Approximately 90% of chronic back pain cases originate from mechanical causes—conditions involving the spine‘s physical structures rather than infections or systemic diseases—with degenerative disc disease and herniated discs leading the list. Degenerative disc disease occurs as spinal discs lose water content and structural integrity over time, a natural process that accelerates with age but can also result from cumulative stress, poor posture, or repetitive strain. The discs themselves don’t have pain receptors, but as they degenerate, the spine becomes less stable and nearby nerves and joints become irritated, triggering chronic discomfort. This condition particularly affects older adults and is rarely encountered in younger populations, reflecting its age-dependent nature.
Herniated or bulging discs represent the second major mechanical cause and involve the soft material inside a spinal disc pushing through a tear in the outer layer and pressing on nearby nerves. Unlike degenerative disc disease, which develops gradually, disc herniation can occur suddenly from a single movement—lifting heavy objects incorrectly, sudden twisting, or even sneezing in the wrong position—though repetitive stress also contributes. Herniated discs show the opposite age pattern from degenerative disc disease: they’re more common in younger individuals whose discs still contain moisture and can rupture, whereas older adults’ drier discs tend to bulge rather than herniate. Both conditions cause localized pain at the injury site and can also radiate down the leg if nerve compression develops.

How Do Structural Spine Problems Cause Long-Term Pain?

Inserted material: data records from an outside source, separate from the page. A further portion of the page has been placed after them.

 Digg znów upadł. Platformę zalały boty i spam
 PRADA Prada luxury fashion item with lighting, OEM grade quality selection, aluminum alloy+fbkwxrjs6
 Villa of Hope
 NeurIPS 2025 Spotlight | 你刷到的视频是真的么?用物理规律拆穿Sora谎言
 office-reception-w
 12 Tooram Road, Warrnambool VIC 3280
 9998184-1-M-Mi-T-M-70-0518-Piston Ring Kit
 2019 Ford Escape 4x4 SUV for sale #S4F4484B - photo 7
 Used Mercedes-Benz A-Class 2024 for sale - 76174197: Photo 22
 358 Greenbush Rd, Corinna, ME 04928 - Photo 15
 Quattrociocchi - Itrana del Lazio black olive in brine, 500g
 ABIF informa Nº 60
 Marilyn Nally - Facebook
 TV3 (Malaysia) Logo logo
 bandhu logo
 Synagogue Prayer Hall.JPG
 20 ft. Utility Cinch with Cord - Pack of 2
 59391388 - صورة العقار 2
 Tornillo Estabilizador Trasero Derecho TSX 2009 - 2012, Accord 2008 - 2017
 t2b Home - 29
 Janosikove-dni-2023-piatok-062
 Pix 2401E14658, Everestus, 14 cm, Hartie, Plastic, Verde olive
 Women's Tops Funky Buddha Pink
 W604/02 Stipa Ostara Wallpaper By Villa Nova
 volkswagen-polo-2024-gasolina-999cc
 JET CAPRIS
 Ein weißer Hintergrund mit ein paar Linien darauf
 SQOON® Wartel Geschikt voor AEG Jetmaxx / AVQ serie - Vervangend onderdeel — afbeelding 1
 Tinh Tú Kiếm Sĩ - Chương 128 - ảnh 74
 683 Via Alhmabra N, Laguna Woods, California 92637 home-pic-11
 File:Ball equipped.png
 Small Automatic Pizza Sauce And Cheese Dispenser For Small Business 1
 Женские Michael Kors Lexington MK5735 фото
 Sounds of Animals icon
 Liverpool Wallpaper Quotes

Spinal stenosis and spondylolisthesis represent structural problems where the spine’s anatomy itself has changed in ways that compress nerves and reduce the space available for the spinal cord. Spinal stenosis occurs when the spinal canal—the tunnel through which the spinal cord travels—narrows, squeezing the nerves and cord inside. This narrowing can develop from bone spurs, thickened ligaments, herniated discs, or any combination of factors, and typically produces pain that worsens with activity and improves with rest, particularly when bending forward (which temporarily widens the canal).
Walking even short distances may become painful, but sitting or leaning forward often provides relief, a distinctive pattern that helps specialists identify stenosis. Spondylolisthesis describes vertebrae that slip out of place, moving forward relative to the vertebra below them and compressing the nerves that branch off the spinal cord. This slippage can result from trauma, degenerative changes, or defects in the bone structure, and severity ranges from minor misalignment that causes minimal symptoms to severe slippage requiring surgery. An important distinction exists between stenosis and spondylolisthesis in how they respond to treatment: stenosis symptoms may persist for years without changing much, while spondylolisthesis can worsen over time if the underlying mechanical instability isn’t addressed, making early diagnosis and appropriate management critical.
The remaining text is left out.